Esteban Garcia Miralles defends his PhD thesis

Esteban Garcia Miralles defends his PhD thesis:"Essays on Retirement, Savings, Taxation, and Skill Formation"

Candidate

Esteban Garcia Miralles

Title: "Essays on Retirement, Savings, Taxation, and Skill Formation"

Time and place: 28 April 2021 at 15:00. Link to attend the defense follows here: https://ucph-ku.zoom.us/j/9536476672  

An electronic copy of the thesis may be obtained here: charlotte.jespersen@econ.ku.dk

Assessment Committee

  • Associate Professor Meltem Daysal, Department of Economics, University of Copenhagen, Denmark (chairman
  • Professor Rafael Lalive, University of Lausanne
    Associate Professor Maria Fitzpatrick, Cornell University

Abstract.
The Ph.D. dissertation consists of four self-contained chapters. The first two chapters study how the design of public pension systems affect individuals’ behavior. The first chapter studies how pension eligibility ages impact the retirement behavior of couples. The second chapter explores how public pension provision affects private savings. The third chapter studies how optimal inheritance taxation depends on the social welfare function assumed and on the underlying individual heterogeneity. The fourth chapter explores human capital formation by estimating the causal effect of parental shocks on their children’s non-cognitive skills.
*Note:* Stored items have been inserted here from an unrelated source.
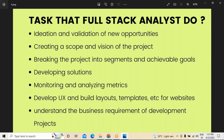No matter how expert the technical people, architect, project management team, or development team are — unless we have a clear vision and scope of the project, that work doesn't have value. So creating scope and vision of the product is essentially important. Additionally, breaking the project into different segments makes goals easier to achieve — both short-term goals achieved time to time, and long-term goals viewed from a long-term perspective. Developing solutions is also done here.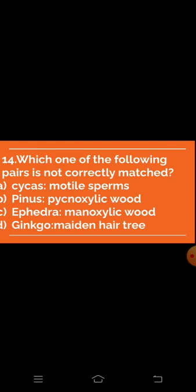Question 14: Which one of the following pairs is not correctly matched? [Options presented on screen.] Question 15 follows.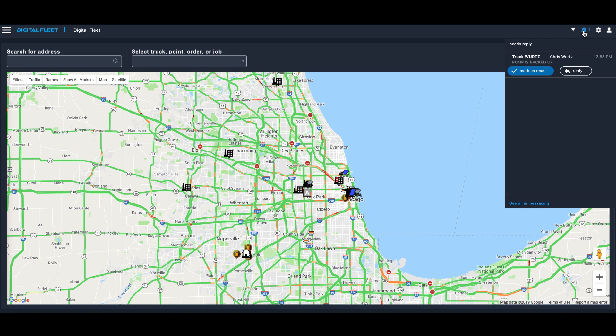This is set up using our tagging feature, so you can create different groups of trucks, plants, etc., to help narrow down the trucks and the messages that you're trying to manage.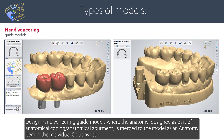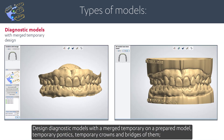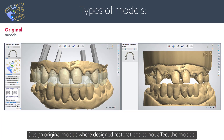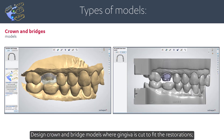You can design hand veneering guide models where the anatomy — designed as part of an anatomical coping or anatomical abutment — is merged to the model as an anatomy item. Design diagnostic models with merged temporaries on a prepared model, including temporary pontics, temporary crowns, and bridges. Design diagnostic models with merged restorations, design original models where designed restorations do not affect the models, and design crown and bridge models where gingiva is cut to fit the restorations.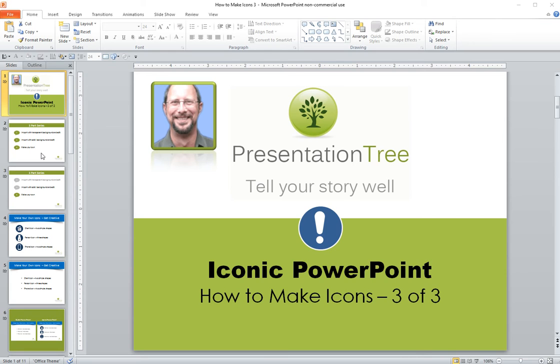This is Paul Toomey at Presentation Tree, a PowerPoint and presentation design company located in Seattle, Washington, and serving clients all across the United States.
Chapter 1: Joint Retirement of Couples: Evidence from Discontinuities in Denmark (with Jonathan M. Leganza). We study joint retirement behavior and document underlying mechanisms. Exploiting administrative data and the discontinuous increase in retirement when individuals reach pension eligibility age, we estimate sizable spillover effects to their spouses. We show that age differences within couples are crucial determinants of joint retirement, which is primarily driven by older spouses working longer. Controlling for these age differences reveals that female spouses respond more, even controlling for relative earnings. Relative earnings play a role consistent with collective models of household behavior. A complementary analysis shows that a reform increasing eligibility ages induces similar spillovers, suggesting no significant adjustment costs.
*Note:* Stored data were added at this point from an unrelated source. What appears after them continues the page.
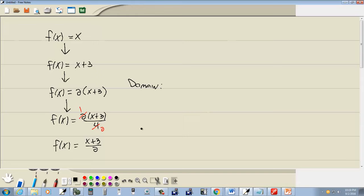Or ones that cause a negative number inside a radical with an even index. We don't have a radical with an even index. So by default our domain is negative infinity to positive infinity.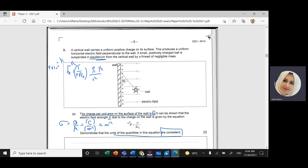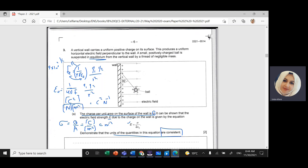From the Coulomb's law equation, we can rearrange to find epsilon naught: it equals 1 over 4π divided by F times Q1 times Q2 over R squared. The 4π is a constant with no unit. Q1 and Q2 are in Coulombs squared, F is in Newtons, and R is distance so R squared is meters squared. Therefore the units for epsilon naught are Coulombs squared per Newton per meter squared.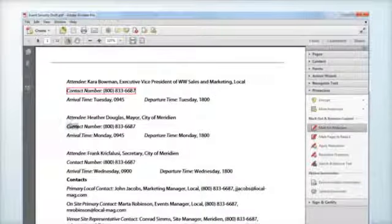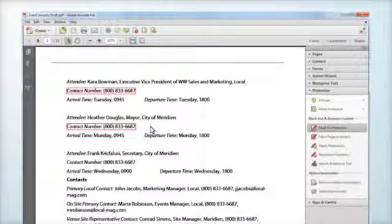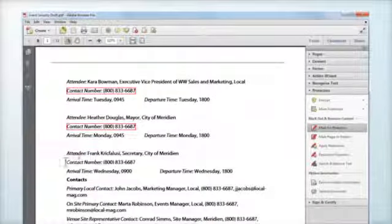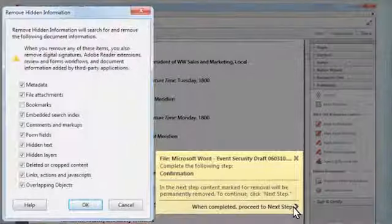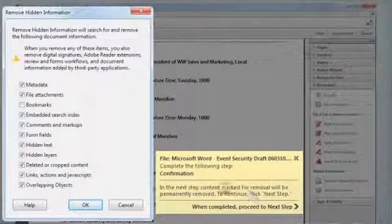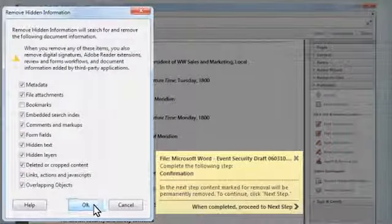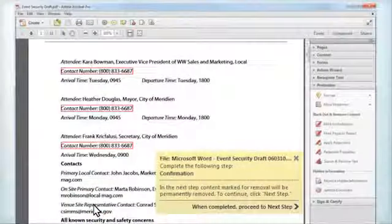The task is called redaction, and using Acrobat you can permanently remove information from the document — both on-screen and also hidden information like metadata, annotations, attachments, layers, and bookmarks. This works for both text and graphics, like illustrations, photos, or logos.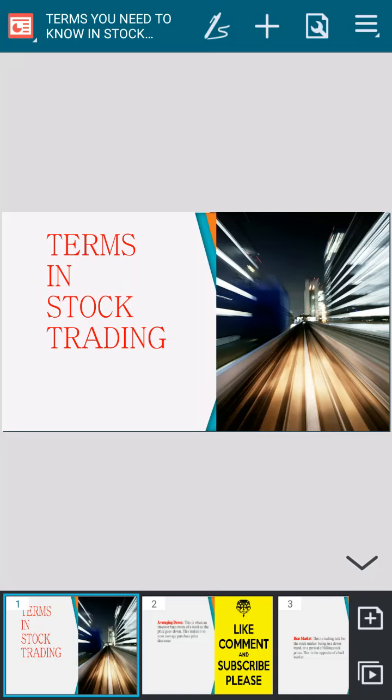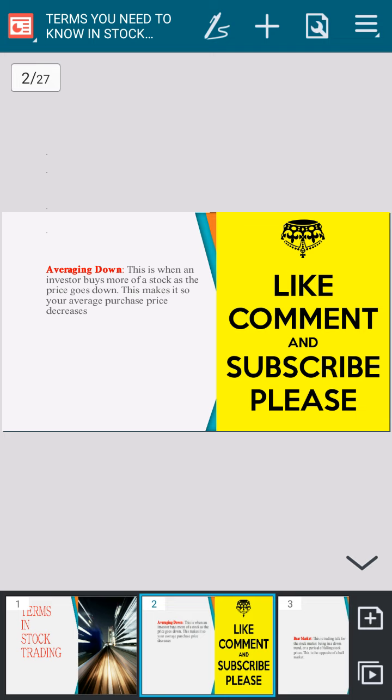Hello YouTube friends, I'm learning about stock trading so I do want to share that information with you guys. The first thing that I think we should all know, along with myself, is commonly used terms in stock trading.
Chapter 2: Public Pensions and Private Savings (with Jonathan M. Leganza). How does the provision of public pension benefits impact savings? We answer this question in the context of a Danish reform that increased social security eligibility ages. Using administrative data and a regression discontinuity design, we identify the causal effects of the policy. We find a lack of anticipatory savings responses after the announcement of the reform, whereas we find large increases in savings when delayed benefit eligibility induces extended employment. Individuals continue to work and continue to save in the same type of retirement accounts and at the same rate, highlighting how employer default contribution policies mediate responses to national reforms.
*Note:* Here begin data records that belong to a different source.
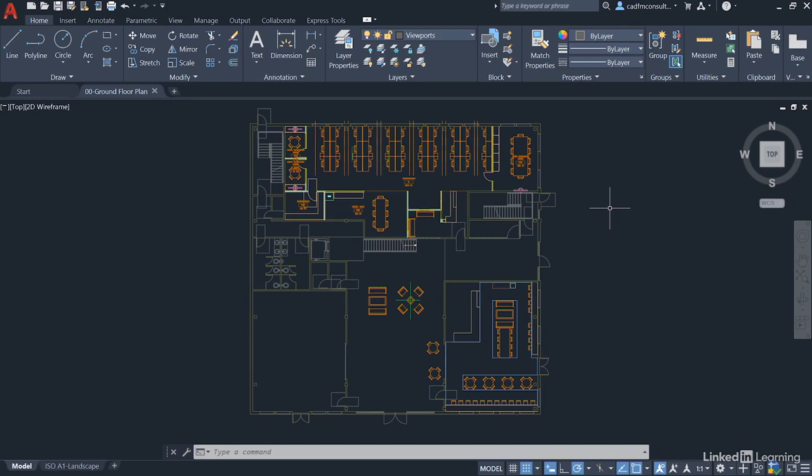In this particular course, we're using the latest version of AutoCAD, which is AutoCAD 2021.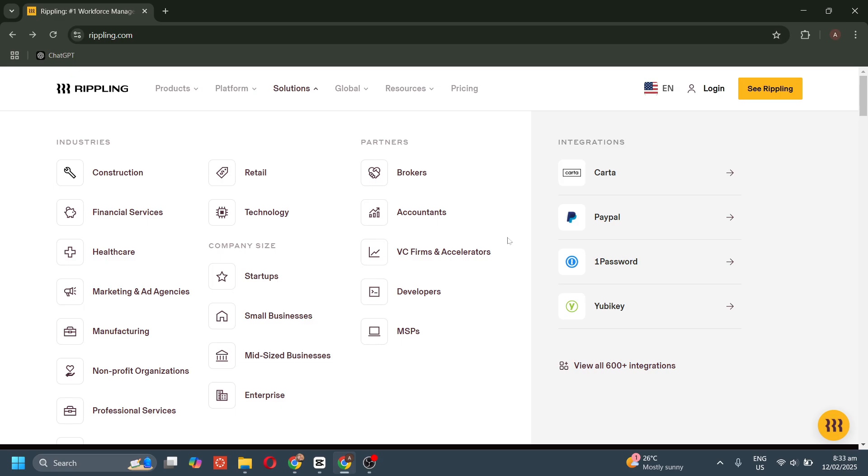Rippling is designed to support businesses of all sizes across multiple industries while integrating with 600-plus apps. As you can see in the integration section, we have PayPal, Carta, and many integrations that you can use for your business.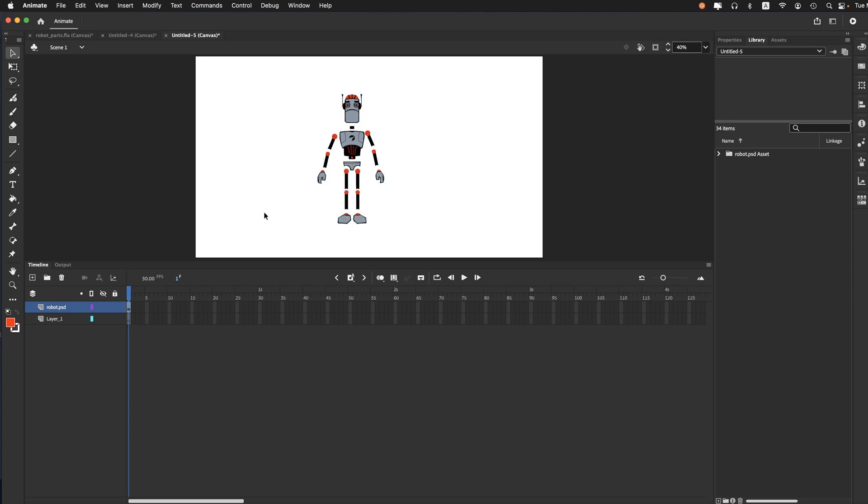There was a third way to do it, which would have put them all in keyframes. That's an option for a different sort of application as well. But that's the simple demonstration of how to import a layered Photoshop file and have it come in as elements.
Chapter 3: The Crucial Role of Social Welfare Criteria and Individual Heterogeneity for Optimal Inheritance Taxation. This paper extends the calibrations of Piketty and Saez (2013) to unveil the importance of the assumed social welfare criteria and its interplay with individual heterogeneity on optimal inheritance taxation. I calibrate the full social optimal tax rate and find that it is highly sensitive to the assumed social welfare criteria. The optimal tax rate ranges from negative (under a utilitarian criterion) to positive and large (even assuming joy of giving motives). I also calibrate the optimal tax rate by percentile of the distribution of bequest received, as in Piketty and Saez, but accounting for heterogeneity in wealth and labor income. This leads to significant variation in the optimal tax rate among zero-bequest receivers, contrary to their finding of a constant tax rate.

Chapter 4: Are Children's Socio-Emotional Skills Shaped by Parental Health Shocks? (with Miriam Gensowski). Child skills are shaped by parental investments. When parents experience a health shock, their investments and therefore their children’s skills may be affected. This paper estimates causal effects of severe parental health shocks on child socio-emotional skills. Drawing on a large-scale survey linked to hospital records, we find that socio-emotional skills of 11-16 year-olds are robust to parental health shocks, with the exception of significant but very small reductions in Conscientiousness. We study short-run effects with a child-fixed effects model, and dynamics around the shocks with event studies. A sibling comparison suggests some long-run build-up of effects of early shocks.